Kim Stanley Robinson : Mars la rouge (la Trilogie martienne – 1)
(Red Mars, 1992)
roman de Science-Fiction
- par ailleurs :
S'atteler à l'épopée martienne après Edgar Rice Burroughs, Heinlein et Bradbury [ 1 ] [ 2 ] [ 3 ], c'est faire preuve d'une réelle témérité, sinon d'une inconscience délibérée. Kim Stanley Robinson, doué d'une boulimie peu raisonnable pour la page imprimée, démontre qu'il est possible d'associer les deux en publiant Mars la rouge, premier volume d'une vaste trilogie. Celle-ci s'appuie sur un énoncé que je résumerais ainsi : une station de recherche scientifique sur une planète étrangère est un modèle réduit de l'utopie préhistorique. Mais ce genre d'utopie, fort onéreuse pour notre époque, véhicule les intérêts divergents des États et des sociétés “transnationales”. Comme l'économie sert à justifier la structure du pouvoir, on verra bientôt comment un rêve de pionnier se transforme en cauchemar climatisé.
Climatisé, car, malgré les ambitions des terraformeurs, changer un astre mort en planète habitée sous atmosphère exige d'abord d'en passer par des tenues pressurisées, des villes sous globe. D'où la fragilité des positions politiques extrêmes. Les progressistes, les révolutionnaires sont vulnérables au moindre accroc de leur tissu protecteur.
C'est ainsi que périrent peu à peu les Cent Premiers qui amarsirent, du mythique John Boone au rusé Frank Chalmers. Ils incarnaient l'espoir d'une société différente, autonome, que n'atteindraient pas les miasmes purulents de la planète mère, les intérêts primaires d'une clique au pouvoir. L'exploitation des ressources minières, l'immigration sauvage les a fauchés dans leur élan idéaliste.

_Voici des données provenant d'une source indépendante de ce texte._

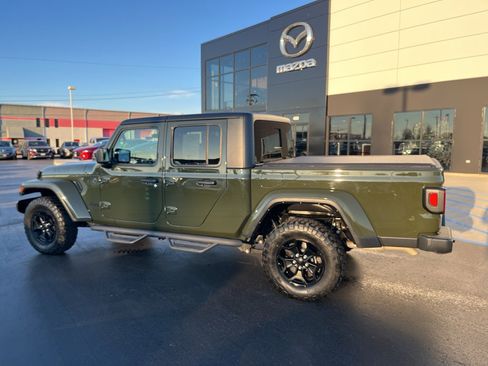 Used 2022 Jeep Gladiator Willys image 3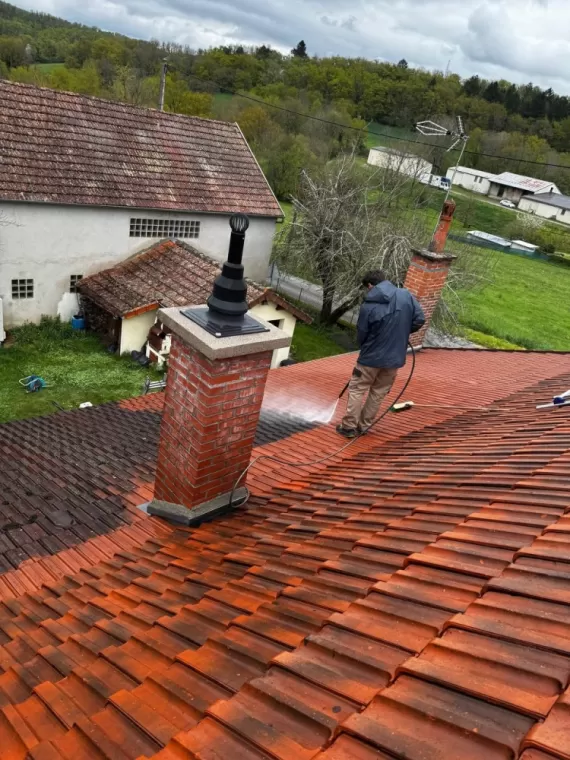 Entretien de toiture incolore à Aubusson.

Le souffle de l'épopée ne s'invente pas. Kim Stanley Robinson ne s'est pas laissé troubler par le tourbillon des intrigues, le tumulte qui accompagnent une entreprise de cette envergure. Sa maîtrise des connaissances scientifiques qu'il distille subtilement, son pouvoir de suggérer les paysages martiens, de révéler leur étrange splendeur, le traitement psychologique des personnages majeurs, produisent une mécanique littéraire quasiment parfaite. Grâce à une traduction fluide, elle acquiert en français le son du moteur turbo. De l'ouverture à l'allegro vivace final, ce premier tome inspire l'envie de lire les autres mouvements.